/C3KG

Primary LanguagePythonApache License 2.0Apache-2.0

C3KG

Introduction

Existing commonsense knowledge bases often organize tuples in an isolated manner, which is deficient for commonsense conversational models to plan the next steps. To fill the gap, we curate a large-scale multi-turn human-written conversation corpus, and create the first Chinese commonsense conversation knowledge graph which incorporates both social commonsense knowledge and dialog flow information. To show the potential of our graph, we develop a graph-conversation matching approach, and benchmark two graph-grounded conversational tasks. The paper "C3KG: A Chinese Commonsense Conversation Knowledge Graph" has been accepted by Findings of 60th Annual Meeting of the Association for Computational Linguistics(Findings of ACL 2022). For details, https://aclanthology.org/2022.findings-acl.107/

If you use our codes or your research is related to our paper, please kindly cite our paper:

@inproceedings{li2022c3kg,
  title={C3KG: A Chinese Commonsense Conversation Knowledge Graph},
  author={Li, Dawei and Li, Yanran and Zhang, Jiayi and Li, Ke and Wei, Chen and Cui, Jianwei and Wang, Bin},
  booktitle={Findings of the Association for Computational Linguistics: ACL 2022},
  pages={1369--1383},
  year={2022}
}

Resource Released

We put all of our released resource here, including C3KG, ATOMIC_ZH and CConv dataset

Quick Start

Data and Models Preparation

  • Download ATOMIC2020 dataset and put all of three data files(train.tsv, test.tsv, dev.tsv) into ./data:
wget https://ai2-atomic.s3-us-west-2.amazonaws.com/data/atomic2020_data-feb2021.zip
unzip atomic2020_data-feb2021.zip
cd atomic2020_data-feb2021
cp train.tsv ../data/
cp test.tsv ../data/
cp dev.tsv ../data/
  • Download LTP4 toolkit(here we use Base2 model).

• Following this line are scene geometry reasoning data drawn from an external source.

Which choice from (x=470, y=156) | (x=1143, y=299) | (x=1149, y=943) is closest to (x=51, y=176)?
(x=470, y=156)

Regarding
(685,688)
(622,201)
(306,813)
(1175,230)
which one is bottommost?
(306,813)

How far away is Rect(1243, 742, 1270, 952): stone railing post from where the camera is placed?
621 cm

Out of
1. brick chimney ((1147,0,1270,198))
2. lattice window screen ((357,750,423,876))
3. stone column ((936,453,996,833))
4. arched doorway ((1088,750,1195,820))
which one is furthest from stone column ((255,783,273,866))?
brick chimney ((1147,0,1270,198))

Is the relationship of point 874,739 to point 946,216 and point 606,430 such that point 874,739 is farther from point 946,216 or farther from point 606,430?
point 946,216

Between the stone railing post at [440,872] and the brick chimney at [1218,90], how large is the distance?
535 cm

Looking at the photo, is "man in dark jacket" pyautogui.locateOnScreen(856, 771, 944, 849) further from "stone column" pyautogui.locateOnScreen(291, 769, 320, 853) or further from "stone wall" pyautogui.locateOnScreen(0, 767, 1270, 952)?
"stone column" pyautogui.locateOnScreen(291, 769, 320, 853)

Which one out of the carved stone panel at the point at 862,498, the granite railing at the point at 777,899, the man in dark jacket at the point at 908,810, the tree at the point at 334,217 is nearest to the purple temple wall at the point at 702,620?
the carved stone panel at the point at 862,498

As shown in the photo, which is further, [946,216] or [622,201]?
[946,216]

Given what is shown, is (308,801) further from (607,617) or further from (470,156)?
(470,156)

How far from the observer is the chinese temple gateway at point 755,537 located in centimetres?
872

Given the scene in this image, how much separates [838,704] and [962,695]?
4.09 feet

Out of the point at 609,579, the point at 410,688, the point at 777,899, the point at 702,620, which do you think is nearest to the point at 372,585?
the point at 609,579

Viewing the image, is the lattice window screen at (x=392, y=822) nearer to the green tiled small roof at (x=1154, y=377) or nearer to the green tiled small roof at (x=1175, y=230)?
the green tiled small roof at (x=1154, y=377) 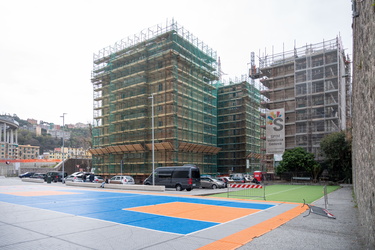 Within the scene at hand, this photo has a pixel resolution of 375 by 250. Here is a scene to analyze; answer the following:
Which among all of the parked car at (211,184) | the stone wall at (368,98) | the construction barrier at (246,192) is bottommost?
the parked car at (211,184)

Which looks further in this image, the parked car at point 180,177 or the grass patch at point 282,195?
the parked car at point 180,177

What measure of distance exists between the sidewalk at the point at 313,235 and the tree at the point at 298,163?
98.3 feet

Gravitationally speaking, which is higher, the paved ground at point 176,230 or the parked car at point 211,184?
the paved ground at point 176,230

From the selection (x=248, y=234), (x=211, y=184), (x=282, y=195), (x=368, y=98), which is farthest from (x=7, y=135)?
(x=368, y=98)

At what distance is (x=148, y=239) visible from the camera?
26.9 ft

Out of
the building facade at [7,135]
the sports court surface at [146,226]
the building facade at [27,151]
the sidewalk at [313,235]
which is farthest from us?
the building facade at [27,151]

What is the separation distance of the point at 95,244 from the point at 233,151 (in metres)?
60.5

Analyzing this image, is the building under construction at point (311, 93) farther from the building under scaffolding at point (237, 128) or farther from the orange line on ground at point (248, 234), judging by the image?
the orange line on ground at point (248, 234)

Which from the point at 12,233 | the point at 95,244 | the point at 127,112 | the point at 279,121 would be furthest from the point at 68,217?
the point at 127,112

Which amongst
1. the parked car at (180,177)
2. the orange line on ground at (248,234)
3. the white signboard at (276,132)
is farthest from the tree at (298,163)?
the orange line on ground at (248,234)

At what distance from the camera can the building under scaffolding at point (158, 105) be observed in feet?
164

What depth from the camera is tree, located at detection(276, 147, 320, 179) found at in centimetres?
4008

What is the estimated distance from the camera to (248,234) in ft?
28.9

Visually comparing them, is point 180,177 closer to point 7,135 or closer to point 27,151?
point 7,135
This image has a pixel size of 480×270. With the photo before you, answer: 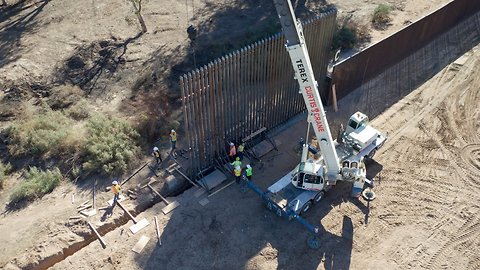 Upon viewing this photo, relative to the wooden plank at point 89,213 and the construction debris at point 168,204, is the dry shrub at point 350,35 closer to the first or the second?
the construction debris at point 168,204

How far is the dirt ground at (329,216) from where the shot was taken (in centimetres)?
1399

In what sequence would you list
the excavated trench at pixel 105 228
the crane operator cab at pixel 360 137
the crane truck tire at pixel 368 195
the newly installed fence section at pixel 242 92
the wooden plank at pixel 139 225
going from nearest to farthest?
the excavated trench at pixel 105 228 < the wooden plank at pixel 139 225 < the newly installed fence section at pixel 242 92 < the crane truck tire at pixel 368 195 < the crane operator cab at pixel 360 137

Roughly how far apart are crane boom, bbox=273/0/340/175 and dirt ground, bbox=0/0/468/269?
8.25 ft

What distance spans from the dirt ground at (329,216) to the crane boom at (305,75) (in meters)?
2.52

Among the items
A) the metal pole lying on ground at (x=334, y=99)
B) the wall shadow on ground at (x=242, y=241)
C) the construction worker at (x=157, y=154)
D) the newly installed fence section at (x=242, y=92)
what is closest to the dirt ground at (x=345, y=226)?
the wall shadow on ground at (x=242, y=241)

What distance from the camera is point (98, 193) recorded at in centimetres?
1596

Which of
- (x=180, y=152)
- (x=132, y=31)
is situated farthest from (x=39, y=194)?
(x=132, y=31)

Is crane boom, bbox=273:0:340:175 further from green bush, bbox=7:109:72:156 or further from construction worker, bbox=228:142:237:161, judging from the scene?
green bush, bbox=7:109:72:156

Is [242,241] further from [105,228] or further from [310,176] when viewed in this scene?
[105,228]

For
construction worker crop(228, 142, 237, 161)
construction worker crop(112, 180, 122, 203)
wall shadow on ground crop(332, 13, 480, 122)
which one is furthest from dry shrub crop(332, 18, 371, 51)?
construction worker crop(112, 180, 122, 203)

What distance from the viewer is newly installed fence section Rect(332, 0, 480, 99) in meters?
19.9

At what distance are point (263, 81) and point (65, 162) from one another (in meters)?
8.99

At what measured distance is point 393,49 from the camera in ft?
71.4

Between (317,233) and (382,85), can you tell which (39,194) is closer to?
(317,233) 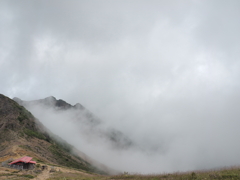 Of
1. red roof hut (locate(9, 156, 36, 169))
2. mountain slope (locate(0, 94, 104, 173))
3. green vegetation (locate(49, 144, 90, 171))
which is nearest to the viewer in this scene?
red roof hut (locate(9, 156, 36, 169))

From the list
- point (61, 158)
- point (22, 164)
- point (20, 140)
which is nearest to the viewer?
point (22, 164)

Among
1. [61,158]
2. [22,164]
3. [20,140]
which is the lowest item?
[22,164]

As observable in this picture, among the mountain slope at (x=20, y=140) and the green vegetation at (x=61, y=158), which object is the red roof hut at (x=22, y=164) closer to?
the mountain slope at (x=20, y=140)

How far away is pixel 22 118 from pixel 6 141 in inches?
1041

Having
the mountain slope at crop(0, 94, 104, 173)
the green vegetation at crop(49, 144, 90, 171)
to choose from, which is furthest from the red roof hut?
the green vegetation at crop(49, 144, 90, 171)

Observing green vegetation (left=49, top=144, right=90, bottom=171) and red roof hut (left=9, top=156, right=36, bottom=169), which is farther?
green vegetation (left=49, top=144, right=90, bottom=171)

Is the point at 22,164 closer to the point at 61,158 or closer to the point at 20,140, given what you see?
the point at 20,140

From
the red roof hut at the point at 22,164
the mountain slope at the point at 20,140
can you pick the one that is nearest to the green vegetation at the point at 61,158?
the mountain slope at the point at 20,140

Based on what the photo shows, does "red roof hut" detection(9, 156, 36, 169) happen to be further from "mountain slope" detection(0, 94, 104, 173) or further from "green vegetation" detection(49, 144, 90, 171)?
"green vegetation" detection(49, 144, 90, 171)

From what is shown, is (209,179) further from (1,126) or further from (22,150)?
(1,126)

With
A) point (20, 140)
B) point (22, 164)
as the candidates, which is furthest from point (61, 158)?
point (22, 164)

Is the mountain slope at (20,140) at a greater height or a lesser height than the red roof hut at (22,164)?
greater

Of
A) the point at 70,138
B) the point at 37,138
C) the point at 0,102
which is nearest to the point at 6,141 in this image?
the point at 37,138

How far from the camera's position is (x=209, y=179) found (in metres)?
13.8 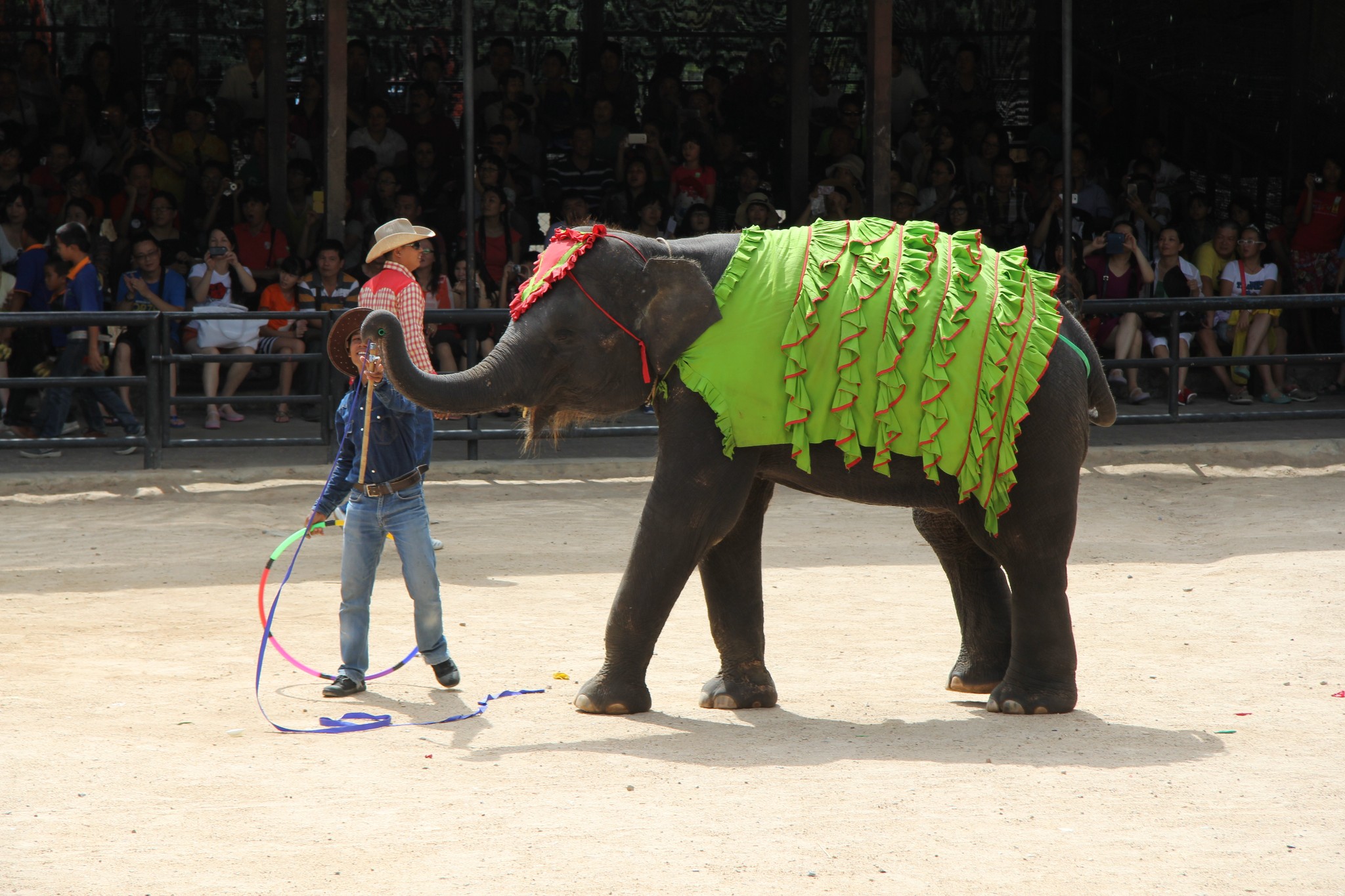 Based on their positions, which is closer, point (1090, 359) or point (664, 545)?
point (664, 545)

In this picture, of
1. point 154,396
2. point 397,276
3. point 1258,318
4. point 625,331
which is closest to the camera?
point 625,331

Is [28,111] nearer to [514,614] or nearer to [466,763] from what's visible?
[514,614]

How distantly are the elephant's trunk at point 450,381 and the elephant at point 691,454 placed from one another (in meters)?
0.01

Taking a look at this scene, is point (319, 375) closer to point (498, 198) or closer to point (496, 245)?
point (496, 245)

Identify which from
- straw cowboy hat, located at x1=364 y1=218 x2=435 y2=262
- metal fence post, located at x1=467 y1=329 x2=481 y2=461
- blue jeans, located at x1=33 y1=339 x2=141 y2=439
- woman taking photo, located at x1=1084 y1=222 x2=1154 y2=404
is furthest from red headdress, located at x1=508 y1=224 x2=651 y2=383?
woman taking photo, located at x1=1084 y1=222 x2=1154 y2=404

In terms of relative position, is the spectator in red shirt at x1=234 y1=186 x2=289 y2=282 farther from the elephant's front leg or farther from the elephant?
the elephant's front leg

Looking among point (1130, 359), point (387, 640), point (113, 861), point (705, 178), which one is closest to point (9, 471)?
point (387, 640)

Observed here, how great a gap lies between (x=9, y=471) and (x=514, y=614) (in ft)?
14.8

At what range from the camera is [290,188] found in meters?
12.8

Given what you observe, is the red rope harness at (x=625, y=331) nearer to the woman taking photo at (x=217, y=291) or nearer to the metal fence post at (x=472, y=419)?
the metal fence post at (x=472, y=419)

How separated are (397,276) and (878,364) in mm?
2029

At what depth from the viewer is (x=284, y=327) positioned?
11.3 metres

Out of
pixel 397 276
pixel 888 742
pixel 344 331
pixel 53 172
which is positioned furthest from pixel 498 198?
pixel 888 742

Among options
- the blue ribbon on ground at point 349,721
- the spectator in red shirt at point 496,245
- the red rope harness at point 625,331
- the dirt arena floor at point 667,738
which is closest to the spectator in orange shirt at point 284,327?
the spectator in red shirt at point 496,245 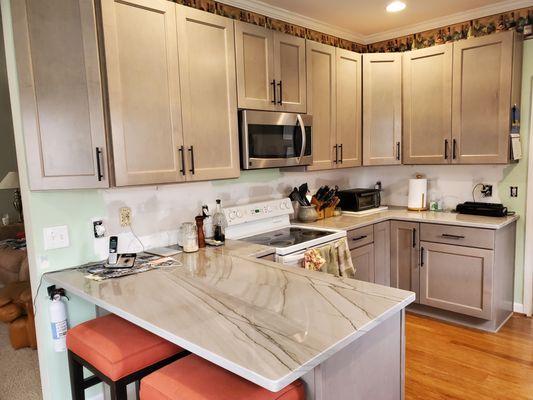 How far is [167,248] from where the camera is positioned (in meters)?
2.61

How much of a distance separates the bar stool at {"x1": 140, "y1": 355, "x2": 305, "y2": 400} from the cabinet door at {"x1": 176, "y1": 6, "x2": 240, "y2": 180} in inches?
47.8

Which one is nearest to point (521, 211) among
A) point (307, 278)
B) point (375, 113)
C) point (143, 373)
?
point (375, 113)

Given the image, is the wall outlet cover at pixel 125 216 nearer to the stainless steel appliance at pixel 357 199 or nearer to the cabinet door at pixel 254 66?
the cabinet door at pixel 254 66

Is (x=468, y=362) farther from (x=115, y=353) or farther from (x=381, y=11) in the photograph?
(x=381, y=11)

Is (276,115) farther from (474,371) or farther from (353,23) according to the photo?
(474,371)

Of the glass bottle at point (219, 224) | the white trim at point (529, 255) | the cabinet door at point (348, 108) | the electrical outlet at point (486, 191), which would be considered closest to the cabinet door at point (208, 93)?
the glass bottle at point (219, 224)

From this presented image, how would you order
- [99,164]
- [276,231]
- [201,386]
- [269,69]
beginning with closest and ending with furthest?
[201,386] → [99,164] → [269,69] → [276,231]

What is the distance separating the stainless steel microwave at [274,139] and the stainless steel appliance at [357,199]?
82 centimetres

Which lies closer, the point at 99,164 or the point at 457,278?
the point at 99,164

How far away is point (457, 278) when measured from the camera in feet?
10.9

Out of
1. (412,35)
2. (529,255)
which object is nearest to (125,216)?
(412,35)

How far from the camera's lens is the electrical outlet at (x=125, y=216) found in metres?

Create ./model and put the Base2 model into it.
wget http://39.96.43.154/ltp/v3/base2.tgz
tar -xzvf base2.tgz
mkdir model
mv Base2 ./model/
  • Download our SBERT-ATOMIC semantic similarity model here and put it into ./model.

Data Preprocess

  • Rewrite the request_dev() function in ./preprocess/get_trans.py using any translation model or API:
def request_dev(query):
    # rewrite using any translation model or API
    raise NotImplementedError("rewrite using any translation model or API")
  • After that, run preprocess.sh:
chmod 777 preprocess.sh
./preprocess.sh
  • Or you can use the translated ATOMIC_Chinese.tsv, head_shortSentence.csv,head_phrase.csv here directly.

C3KG Construction

  • To get C3KG, run construct.sh, note that we put the CConv dataset here:
chmod 777 construct.sh
./construct.sh

Licence

  • Our dataset is licensed under the CC BY 4.0 and our code is licensed under the Apache License 2.0.